======== Dataset records

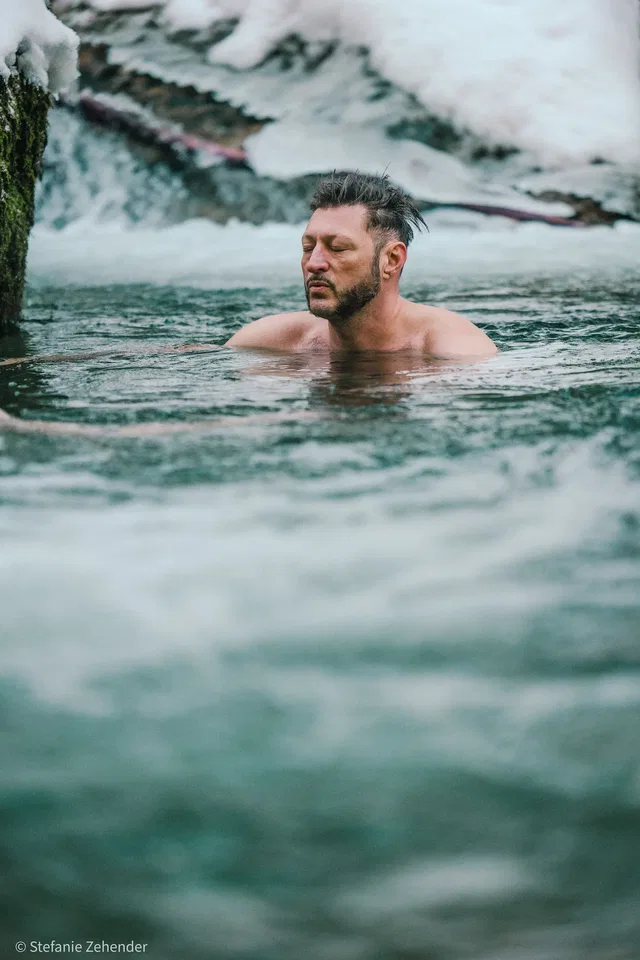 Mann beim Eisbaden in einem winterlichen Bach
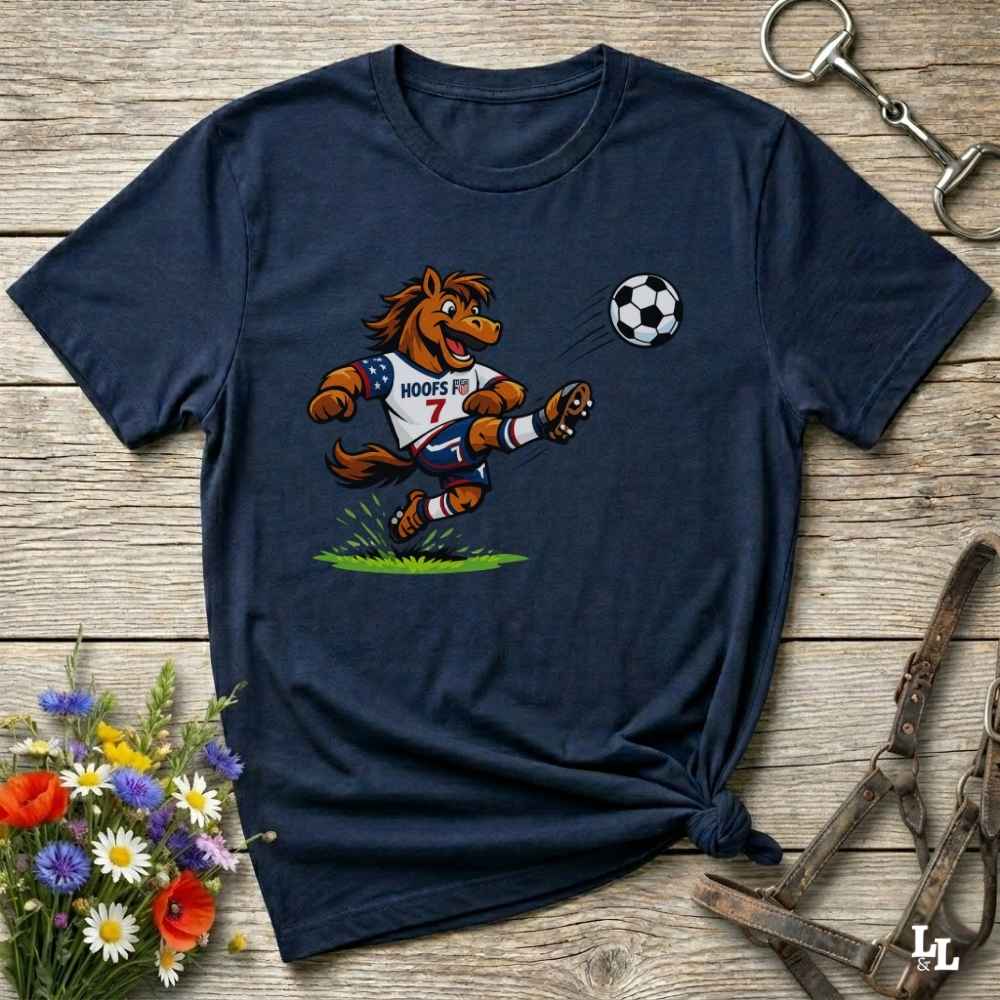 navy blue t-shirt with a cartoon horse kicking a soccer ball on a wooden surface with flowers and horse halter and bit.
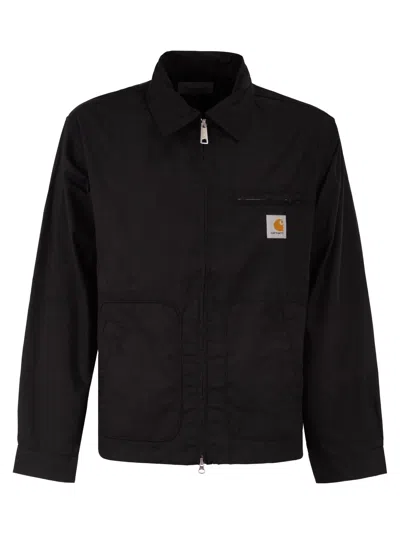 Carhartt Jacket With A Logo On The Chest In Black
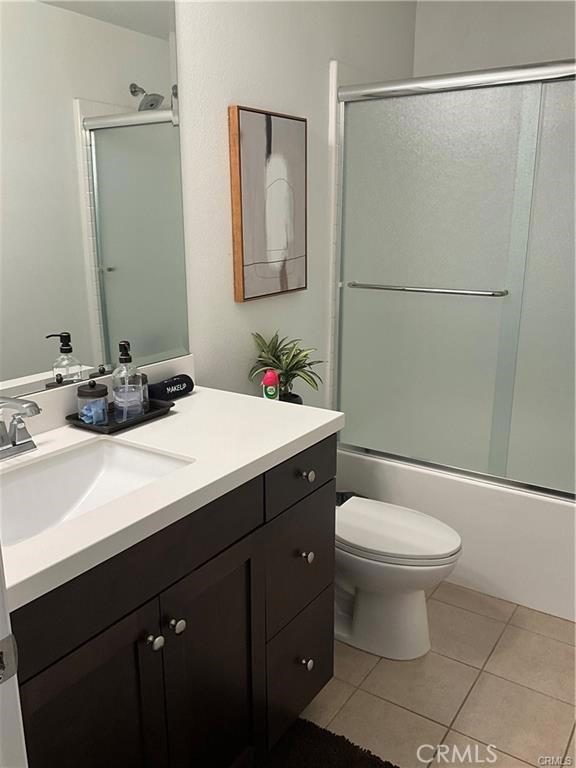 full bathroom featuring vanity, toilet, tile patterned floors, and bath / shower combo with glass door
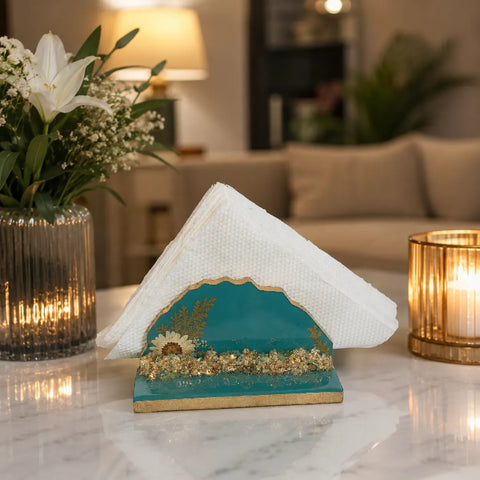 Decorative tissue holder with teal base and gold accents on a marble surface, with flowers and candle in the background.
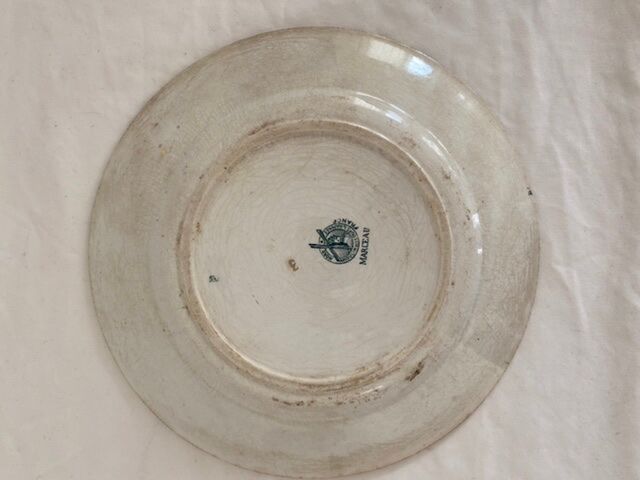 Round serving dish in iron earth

================

### Activity
Copy out each record shown above without alteration, skipping any picture.

### Written answer
 Mann beim Eisbaden in einem winterlichen Bach
 navy blue t-shirt with a cartoon horse kicking a soccer ball on a wooden surface with flowers and horse halter and bit.
 Carhartt Jacket With A Logo On The Chest In Black
 full bathroom featuring vanity, toilet, tile patterned floors, and bath / shower combo with glass door
 Decorative tissue holder with teal base and gold accents on a marble surface, with flowers and candle in the background.
 Round serving dish in iron earth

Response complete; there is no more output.